Quality of Life
Cost of Living
Muay Thai Training
Summary : Koh Samui ticks a lot of the training destination boxes but lacks the top-level Thais needed for fighter development. It's definitely worth staying in one of the gyms here for a short period and experiencing some decent training with the beautiful island life.
Koh Samui is an island situated in the gulf of Thailand about 700km south of Bangkok in Surathani province. Until the 1970’s, Samui was without roads and had just a trickle of backpackers travelling to the island. In the early 1990’s, tourists began to arrive in larger numbers and Samui is now the second most popular island destination (after Phuket). It is also becoming an increasingly popular muay Thai training destination.
Training in Koh Samui can be a great experience. I spent 6 months training on the island and had some great times, got in some quality training and fought 10 times. As with anywhere else in Thailand, it has its ups and downs so let me take you through some of the things you may like to know before making a choice on where to train in Thailand.
In this section, I’ll give you the pros and cons of living in Koh Samui so that you can make an informed decision on whether or not you’d like to train muay Thai in one of its camps.
Living in Koh Samui
Living in Koh Samui is great. It has a really nice, laid back feel to it and I really enjoyed the majority of my time here. It’s where I began my fight career so I’m particularly fond of the place. Here some stuff you need to know.
Koh Samui Nightlife
For a good night out in Samui, you’re really looking at two areas; Chaweng and Lamai. These are the two main towns on the island. Chaweng is lively in the evening and there are plenty of bars along the main stretch of road, and a few clubs too. The best club to go to is “Green Mango“. Mostly foreigners but lots of single Thai girls too. Green mango is legendary for scoring with chicks; if you can’t pick up here then you may as well just go home. You’ve failed at life.
Another club which is open from around 02:00-06:00 is called SoundClub (above). Pretty much bar girls and over-spill from Green Mango, doesn’t have a very nice atmosphere, to be honest.

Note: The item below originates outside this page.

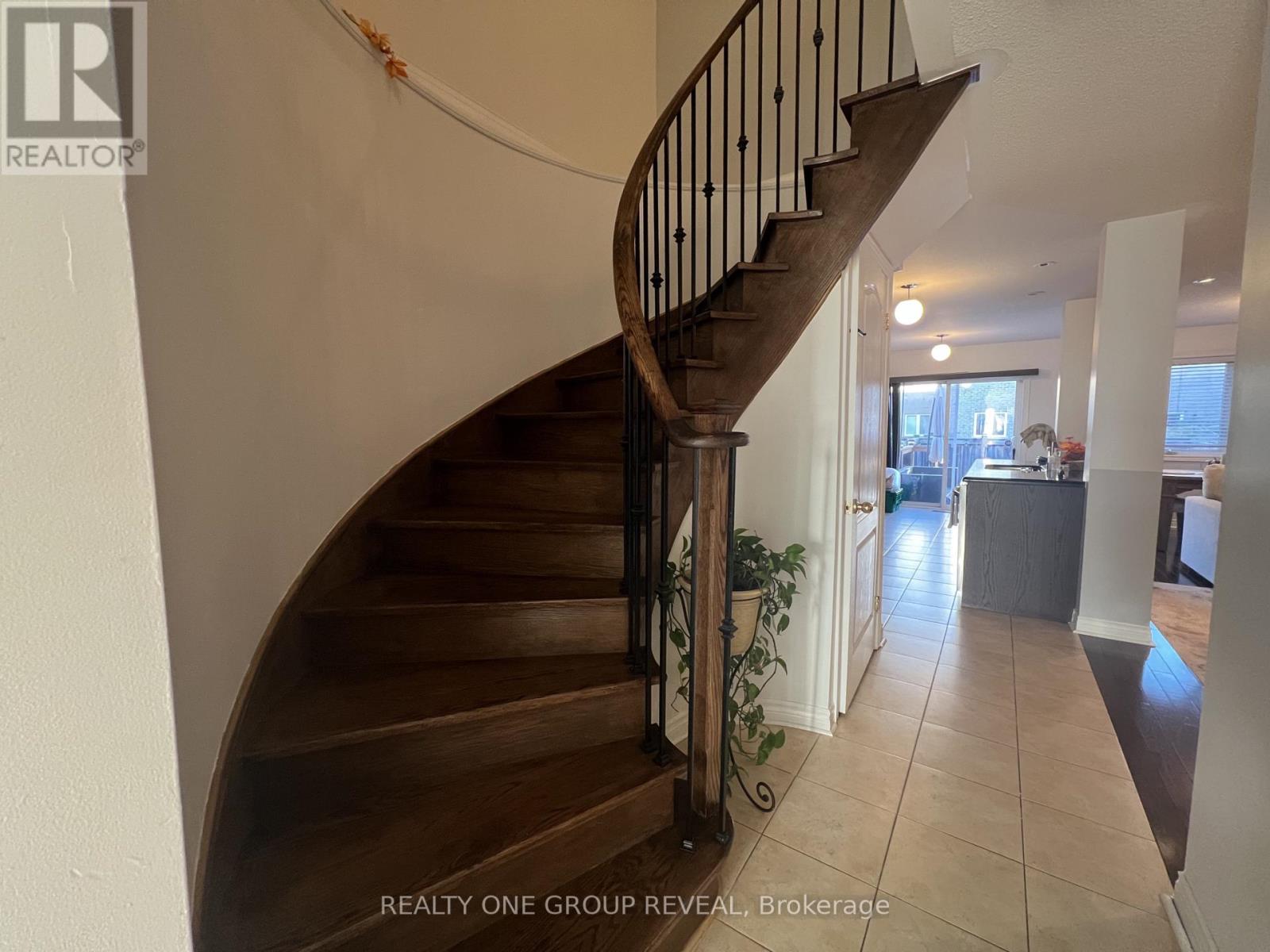 13 Enderly Street, Ajax, ON photo 9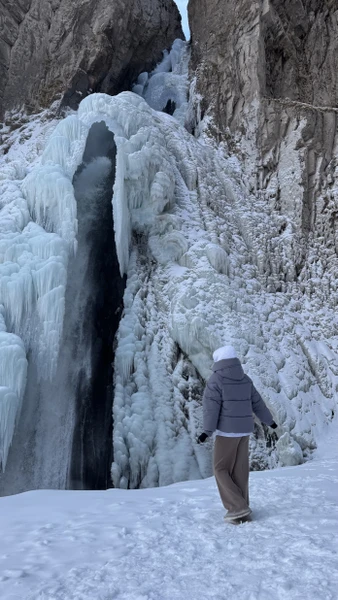 Только приятные впечатления! Благодарим Умара за прекрасную поездку. Накормил, чаем напоил, шапку дал, фото сделал! Что может быть лучше?)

Lamai is a quieter area but it can still be a good night out. A lot of the bars are girly bars and the only club (Fusion) is basically full of bar girls too. Your best bet is to drink in the bars early on in the night and then head to Chaweng later on.

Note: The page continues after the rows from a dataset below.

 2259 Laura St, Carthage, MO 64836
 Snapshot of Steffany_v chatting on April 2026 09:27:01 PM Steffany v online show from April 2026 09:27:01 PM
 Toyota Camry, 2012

Of course, with Lamai and Chaweng having so many beaches, it would be rude not to party on them so look out for the regular beach parties happening around the island.

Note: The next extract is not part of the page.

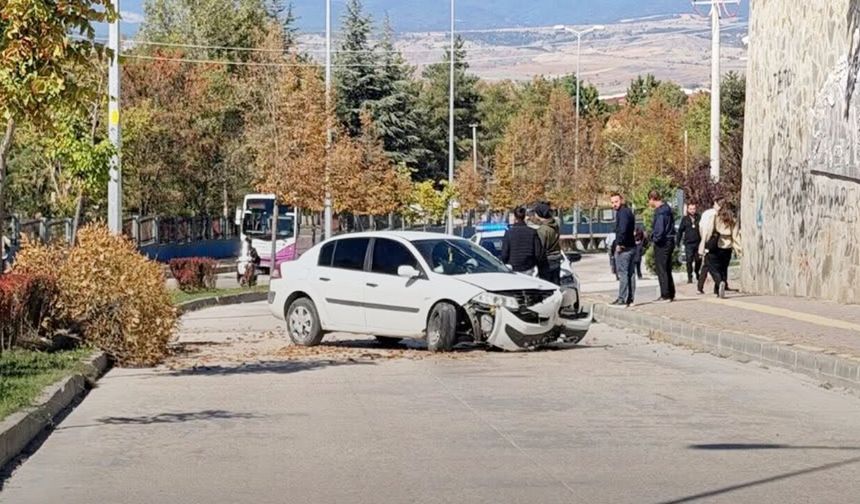 Kastamonu’da üniversite yolunda korkutan kaza: Ağaca çarpıp karşı yola geçti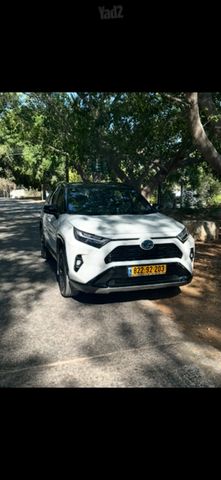 טויוטה RAV4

Shopping for all of the regular items you’d usually buy back home shouldn’t be an issue while living in Koh Samui. Again, the chain stores such as Big C, Tesco and Macro are all available here and recommended for every day items. The Chaweng walking street market on the main road sells just about everything from iPods to paintings to sunglasses. Most of it’s probably fake but hey, it’s Thailand!
The walking street market in the same style as Chaweng. Come here on your cheat day for all best food you’ll ever taste.
Cost of living in Samui is quite high. Perhaps not as high as Phuket but still more expensive than mainland cities such as Bangkok and Pattaya.
Being an island, most activities you can try out here involve water. The snorkeling and scuba diving here isn’t as spectacular as some of the other islands such as Koh Tao but still worth a shot. Jet skiing, water skiing, kite surfing and a dolphin tour are other water-based options.
If you have a motorbike, you can drive right around the whole island in about 40 minutes. It’s a really nice, scenic drive and only costs you a bit of gas money.
Other than that, things are pretty limited. I’d usually find myself wondering over to the muay Thai stadiums at night time for something to do.
Cost of Living in Koh Samui
Being an island, Koh Samui will be more expensive than most places inland as most products need to be imported. In general, it’s not as expensive to live here as it is in Phuket, and some expenses are considerably cheaper.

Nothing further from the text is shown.